First, lets set up our tokens. All we have to do is change our generateToken function and we should be good to go.

```
const generateToken = value => {
let token = { value };
if (/[+\-/*]/.test(value)) token = { ...token, type: 'operator' };
if (/\d/.test(value)) token = { ...token, type: 'literal' };
return token;
};
const tokenize = (input => {
...
};
console.log(tokenize('1 + 1 / 2 * 8 + 1'));
// logs:
[
{ value: '1', type: 'literal' },
{ value: '+', type: 'operator' },
{ value: '1', type: 'literal' },
{ value: '/', type: 'operator' },
{ value: '2', type: 'literal' },
{ value: '*', type: 'operator' },
{ value: '8', type: 'literal' },
{ value: '+', type: 'operator' },
{ value: '1', type: 'literal' }
]
```

Super simple stuff. To evaluate our multiplications and divisions before our additions and subtractions, we are going to alter the way our parser works. What we want to do is set up different precedence levels.

```
const precedence = {
'+': 2,
'-': 2,
'/': 3,
'*': 3
};
```

These precedence levels will let us know what order we must parse our expressions. Essentially we are going to use our operatorStack to hold expressions, and only pop off certain expressions when they have a higher precedence. This way, we will build our AST in a way the higher precedence expressions are added first, so they will be evaluated first.
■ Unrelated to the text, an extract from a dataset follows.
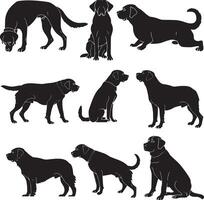 silueta de perro labrador vector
This will work well since we won't have to change the way our evaluation occurs; we are simply moving the higher precendence expressions up higher so we evaluate them first.

```
const parseAST = tokens => {
const outputQueue = createASTQueue();
const operatorStack = createASTStack();
tokens.forEach(({ type, value }) => {
if (type === 'literal') outputQueue.push({ value });
if (type === 'operator') {
while(operatorStack.length && precedence[operatorStack.peek().value] >= precedence[value]) {
const op = operatorStack.pop();
outputQueue.addNode(op);
}
operatorStack.push({ type, value });
}
});
while(operatorStack.length) {
const op = operatorStack.pop();
outputQueue.addNode(op);
}
return outputQueue.pop();
}
```

The only real difference here is that we now peek at the operator stack and compare the values precedence with our current values precedence. While there are items with a higher precedence on the stack, pop them off and add them to our ouput queue. When that's done, push our current item on the stack. This is how we are going to evaluate our higher precendence expressions first; by putting them into the output queue earlier! The last bit is to clear out the output queue before the function is completed.

```
console.log(JSON.stringify(parseAST(tokenize('1 + 1 / 2 * 8 + 1')), null, 2))
// logs out:
{
"value": "+",
"left": {
"value": "+",
"left": {
"value": "1"
},
"right": {
"value": "*",
"left": {
"value": "/",
"left": {
"value": "1"
},
"right": {
"value": "2"
}
},
"right": {
"value": "8"
}
}
},
"right": {
"value": "1"
}
}
```

If you think about how this will get evaluated, you can see how our higher precedent expressions come first. They are deeper down the tree, and since that is where wembring values up from first those will be the first ones we get to. Notice how both of our + 1 expressions appear at the top of the tree, however they are on opposite ends of the expression we originally entered. Looks like its working well!

All we need is a slight change to our evaluator to account for our new operators and we are good to go.

```
const ops = {
'+': (...ops) => ops.reduce((acc, cur) => acc + cur),
'-': (...ops) => ops.reduce((acc, cur) => acc - cur),
'/': (...ops) => ops.reduce((acc, cur) => acc / cur),
'*': (...ops) => ops.reduce((acc, cur) => acc * cur),
};
```

That's the only change we need for this step, everything else about evaluation is the same. That's what is so nice about changing our parser to arrange things differently, that way we don't need to touch our evaluation code at all. When we run this.

```
console.log(evaluate(parseAST(tokenize('1 + 1 / 2 * 8 + 1')))) // 6
```

We start with 1 / 2 = .5, .5 * 8 = 4, 4 + 1 = 5, 1 + 5 = 6! If we hadn't implemented orders of operations, we would get 1 + 1 = 2, 2 / 2 = 1, 1 * 8 = 8, 8 + 1 = 9. It's working great! Now there are a lot of different directions you could go if you wanted to build on this. Adding in exponent, parenthesis, and functions are all great choices! Overall I hoped you enjoyed reading through my series, it was a lot of fun to write and feel like I have a great handle on how this stuff works now.